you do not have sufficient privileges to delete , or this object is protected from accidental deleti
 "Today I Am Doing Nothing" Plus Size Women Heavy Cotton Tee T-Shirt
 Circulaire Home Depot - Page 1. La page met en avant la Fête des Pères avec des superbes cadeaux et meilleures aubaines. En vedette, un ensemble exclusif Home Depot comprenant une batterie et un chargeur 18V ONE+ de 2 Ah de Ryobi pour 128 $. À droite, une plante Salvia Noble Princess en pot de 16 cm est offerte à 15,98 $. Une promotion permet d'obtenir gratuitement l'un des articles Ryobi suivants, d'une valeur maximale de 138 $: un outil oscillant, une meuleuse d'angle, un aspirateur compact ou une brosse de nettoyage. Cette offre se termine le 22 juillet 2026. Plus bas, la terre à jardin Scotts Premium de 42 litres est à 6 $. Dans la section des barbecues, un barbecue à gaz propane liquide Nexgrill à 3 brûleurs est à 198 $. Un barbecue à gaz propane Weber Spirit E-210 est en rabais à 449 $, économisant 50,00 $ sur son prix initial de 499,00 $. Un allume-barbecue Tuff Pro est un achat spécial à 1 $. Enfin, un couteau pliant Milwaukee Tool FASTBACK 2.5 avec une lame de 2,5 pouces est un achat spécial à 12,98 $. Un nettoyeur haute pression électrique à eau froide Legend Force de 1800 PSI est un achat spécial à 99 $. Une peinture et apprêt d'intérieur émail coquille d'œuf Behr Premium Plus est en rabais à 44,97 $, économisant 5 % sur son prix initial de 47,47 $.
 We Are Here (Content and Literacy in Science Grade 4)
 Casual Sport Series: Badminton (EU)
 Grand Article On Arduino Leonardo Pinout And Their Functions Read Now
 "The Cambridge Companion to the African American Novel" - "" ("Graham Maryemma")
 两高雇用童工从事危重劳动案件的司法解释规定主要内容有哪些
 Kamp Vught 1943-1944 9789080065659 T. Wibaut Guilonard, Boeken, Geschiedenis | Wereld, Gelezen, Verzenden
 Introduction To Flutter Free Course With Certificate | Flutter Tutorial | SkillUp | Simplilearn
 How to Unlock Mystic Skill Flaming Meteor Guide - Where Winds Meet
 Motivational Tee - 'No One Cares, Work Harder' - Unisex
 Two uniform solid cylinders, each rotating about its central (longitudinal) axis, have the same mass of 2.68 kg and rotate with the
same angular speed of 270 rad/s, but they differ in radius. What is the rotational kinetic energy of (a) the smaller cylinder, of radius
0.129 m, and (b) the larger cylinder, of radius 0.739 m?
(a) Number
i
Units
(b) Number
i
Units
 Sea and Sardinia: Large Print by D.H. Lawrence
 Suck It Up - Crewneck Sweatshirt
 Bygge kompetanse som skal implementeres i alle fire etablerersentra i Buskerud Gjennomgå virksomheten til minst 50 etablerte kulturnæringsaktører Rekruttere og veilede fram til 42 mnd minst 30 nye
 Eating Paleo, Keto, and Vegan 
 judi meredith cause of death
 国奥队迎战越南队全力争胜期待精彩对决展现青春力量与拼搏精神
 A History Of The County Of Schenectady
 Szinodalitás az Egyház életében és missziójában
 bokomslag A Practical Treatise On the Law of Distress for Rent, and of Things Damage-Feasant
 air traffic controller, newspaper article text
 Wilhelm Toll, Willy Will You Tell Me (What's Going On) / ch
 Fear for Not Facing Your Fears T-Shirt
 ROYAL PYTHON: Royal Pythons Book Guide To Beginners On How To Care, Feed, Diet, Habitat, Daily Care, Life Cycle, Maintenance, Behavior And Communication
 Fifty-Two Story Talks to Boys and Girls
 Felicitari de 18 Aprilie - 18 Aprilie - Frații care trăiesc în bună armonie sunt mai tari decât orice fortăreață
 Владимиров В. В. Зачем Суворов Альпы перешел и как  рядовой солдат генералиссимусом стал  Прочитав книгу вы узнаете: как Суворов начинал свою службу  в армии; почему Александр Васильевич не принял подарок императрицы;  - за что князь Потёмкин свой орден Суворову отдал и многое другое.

____

- WHAT YOU NEED TO DO
Exactly the lines from the start of the entries through the one bearing "Two uniform solid" are to be output, with both ends included.

- ANSWER SPACE
you do not have sufficient privileges to delete , or this object is protected from accidental deleti
 "Today I Am Doing Nothing" Plus Size Women Heavy Cotton Tee T-Shirt
 Circulaire Home Depot - Page 1. La page met en avant la Fête des Pères avec des superbes cadeaux et meilleures aubaines. En vedette, un ensemble exclusif Home Depot comprenant une batterie et un chargeur 18V ONE+ de 2 Ah de Ryobi pour 128 $. À droite, une plante Salvia Noble Princess en pot de 16 cm est offerte à 15,98 $. Une promotion permet d'obtenir gratuitement l'un des articles Ryobi suivants, d'une valeur maximale de 138 $: un outil oscillant, une meuleuse d'angle, un aspirateur compact ou une brosse de nettoyage. Cette offre se termine le 22 juillet 2026. Plus bas, la terre à jardin Scotts Premium de 42 litres est à 6 $. Dans la section des barbecues, un barbecue à gaz propane liquide Nexgrill à 3 brûleurs est à 198 $. Un barbecue à gaz propane Weber Spirit E-210 est en rabais à 449 $, économisant 50,00 $ sur son prix initial de 499,00 $. Un allume-barbecue Tuff Pro est un achat spécial à 1 $. Enfin, un couteau pliant Milwaukee Tool FASTBACK 2.5 avec une lame de 2,5 pouces est un achat spécial à 12,98 $. Un nettoyeur haute pression électrique à eau froide Legend Force de 1800 PSI est un achat spécial à 99 $. Une peinture et apprêt d'intérieur émail coquille d'œuf Behr Premium Plus est en rabais à 44,97 $, économisant 5 % sur son prix initial de 47,47 $.
 We Are Here (Content and Literacy in Science Grade 4)
 Casual Sport Series: Badminton (EU)
 Grand Article On Arduino Leonardo Pinout And Their Functions Read Now
 "The Cambridge Companion to the African American Novel" - "" ("Graham Maryemma")
 两高雇用童工从事危重劳动案件的司法解释规定主要内容有哪些
 Kamp Vught 1943-1944 9789080065659 T. Wibaut Guilonard, Boeken, Geschiedenis | Wereld, Gelezen, Verzenden
 Introduction To Flutter Free Course With Certificate | Flutter Tutorial | SkillUp | Simplilearn
 How to Unlock Mystic Skill Flaming Meteor Guide - Where Winds Meet
 Motivational Tee - 'No One Cares, Work Harder' - Unisex
 Two uniform solid cylinders, each rotating about its central (longitudinal) axis, have the same mass of 2.68 kg and rotate with the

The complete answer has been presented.